Ma non distinguere contenuti pubblicitari dagli “organici”, non sapere identificare le fonti è sintomo di un problema che va al di là delle categorie e dei gusti dei Millennials.
“Nei prossimi mesi, non vediamo l’ora di condividere le nostre valutazioni e lavorare con gli educatori per creare materiali che aiuteranno i giovani a comprendere il mare di disinformazione che incontrano on-line.”, queste le conclusioni di uno degli professori-autori della ricerca.
“I social media danno diritto di parola a legioni di imbecilli che prima parlavano solo al bar dopo un bicchiere di vino, senza danneggiare la collettività. Venivano messi subito a tacere, mentre ora hanno lo stesso diritto di parola di un Premio Nobel”,
queste le parole di Umberto Eco risuonate e tanto discusse a suo tempo ma che ancora oggi ritornano quando si parla di certi argomenti e che anche l’articolo di Repubblica riporta testualmente a commento e paragone dei risultati statunitensi.
L’impreparazione degli studenti è palese, mi domando però: se facessimo lo stesso test a genitori e insegnanti degli stessi ragazzi cosa ne salterebbe fuori?
Beh lo Sheg (si legge nell’articolo) ha elaborato una sorta di prontuario per i professori.

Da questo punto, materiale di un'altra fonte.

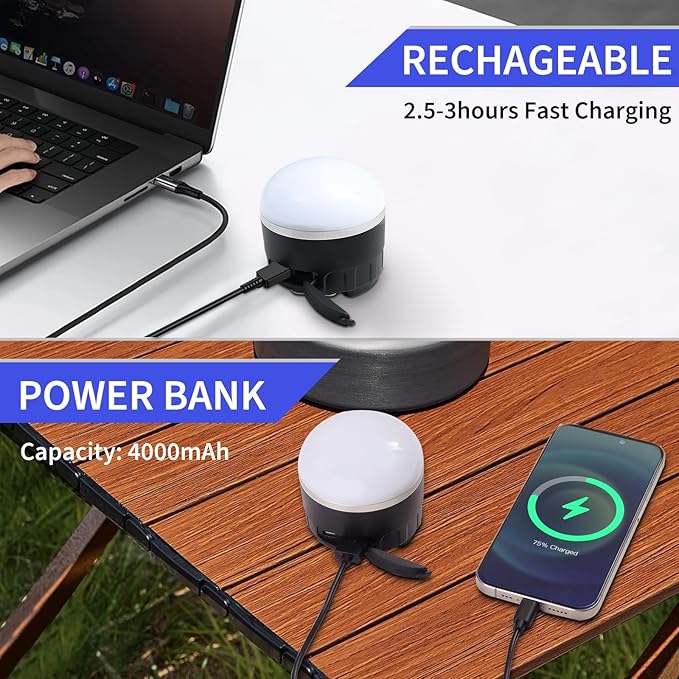 LED Camping Lantern Rechargeable, 1000LM Portable Camping Tent RGB Light with 10 Light Modes & Magnetic Base, 4000mAh Emergency Hanging Light for Hurricane, Power Outage, Camping, Hiking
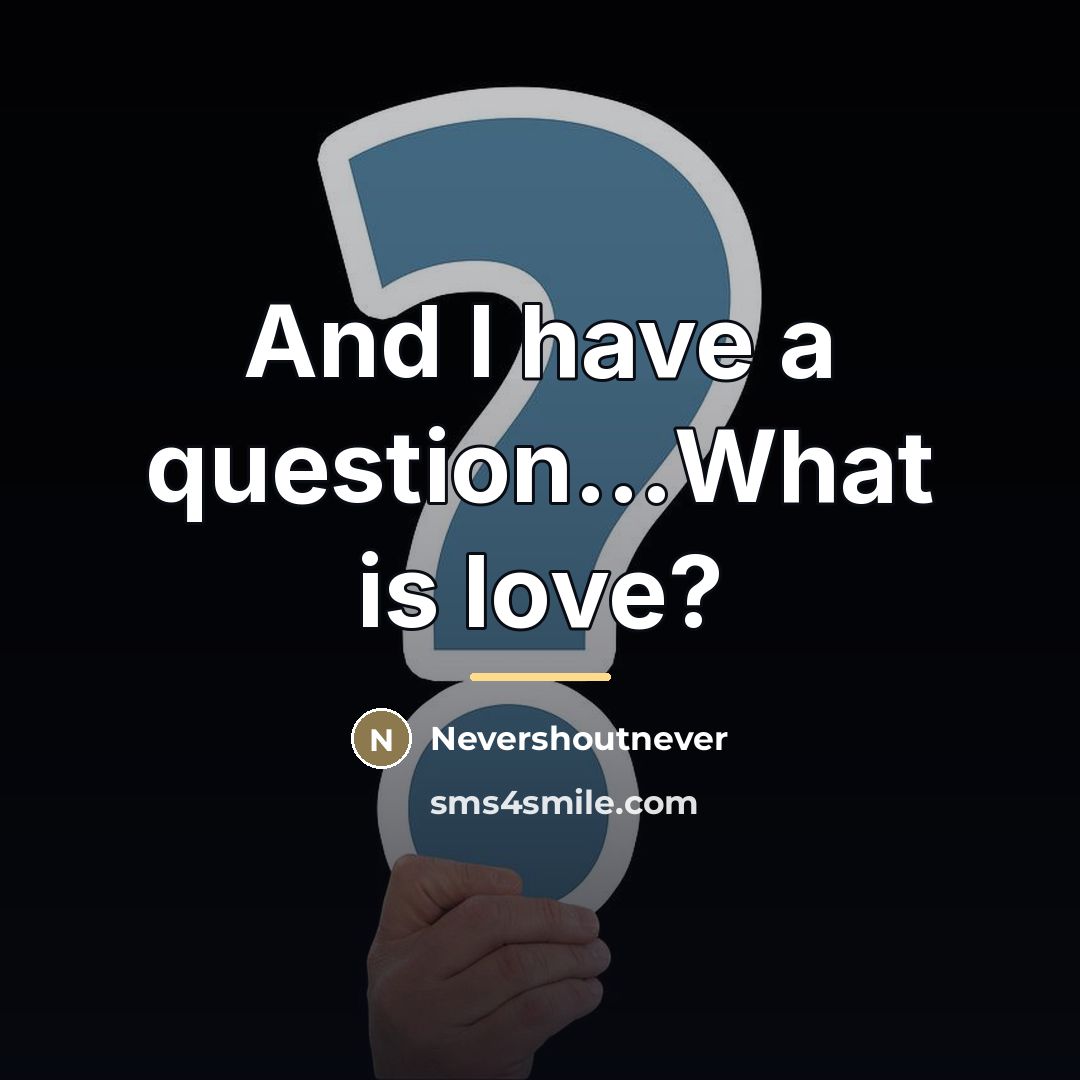 “And I have a question...What is love?…” quote by Nevershoutnever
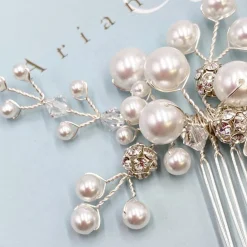 Arianna Mira Perlen- und Kristall-Haarkamm AR614* Perlen-haarschmuck | Silberne Haar-accessoires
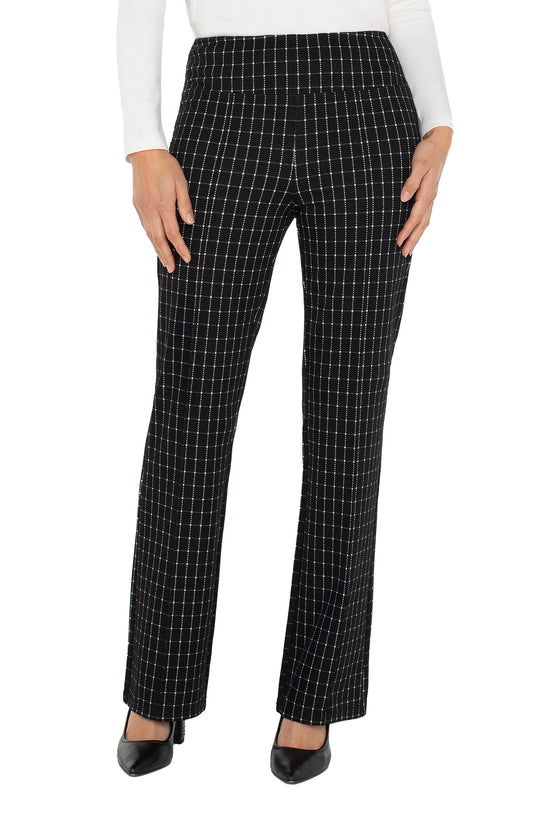 Liverpool Pearl Full Length Flare with Pintucks (Black White Windowpane Check)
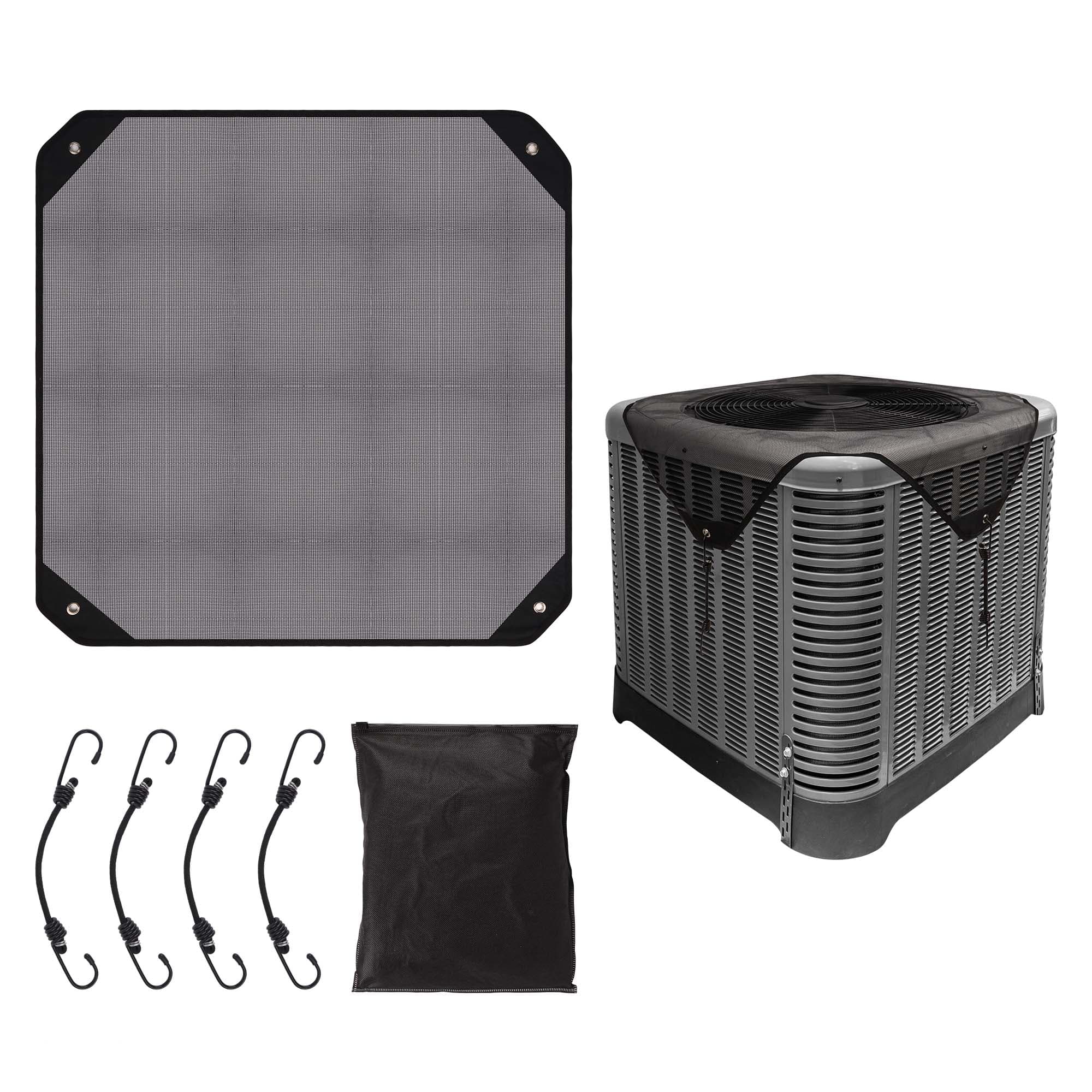 Kingshion Central Air Conditioner Covers for Outside 32'' X 32'', Mesh AC Covers for Outside Unit, Breathable AC Conditioning Condenser Compressor Cover-With four stretchable fixing hooks(Black)
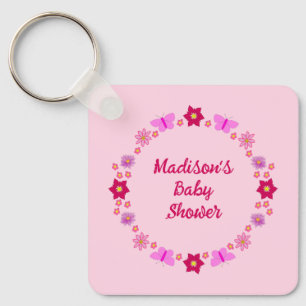 Pink Baby Girl Butterflies and Flowers Baby Shower Key Ring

Cosa si può fare per i Millennials?
La tecnologia ci ha consegnato alcuni mezzi, dimenticandosi però un libretto per le istruzioni.
Ecco perché probabilmente menti più conformi all’utilizzo di strumentazione “smart” si sono impadroniti di essa nell’uso quotidiano senza fare troppi sforzi intellettivi.
Tuttavia questo ha fatto sì che tanti mister Y pensino di essere perfettamente padroni del mezzo per il solo fatto di maneggiarlo.
Qui l’errore che stiamo pagando.
Nessuno ci aiuta ad aumentare la nostra consapevolezza, le diffidenze di generazioni precedenti ai Millennials in alcuni casi consentono (forse) alle persone di avere più timore nel chiedersi se effettivamente è tutto oro quel che luccica.
La paura non è mai una soluzione, tuttavia dovrebbe crescere in chiunque di noi, qualsiasi età abbiamo, quella giusta percentuale di curiosità mista al senso di responsabilità collettiva che dovremmo mostrare nell’approcciarci a strumenti che hanno un potenziale di coinvolgimento nostro e di altri molto alto.
E se tutto questo forse non può essere “innato” allora ben venga l’idea nata a Stanford di dotarsi di strumenti e formare all’uso e comprensione di ciò che si legge e si fa.
Perchè non è questione di tecnicismi, ma di coscienza e di intelletto.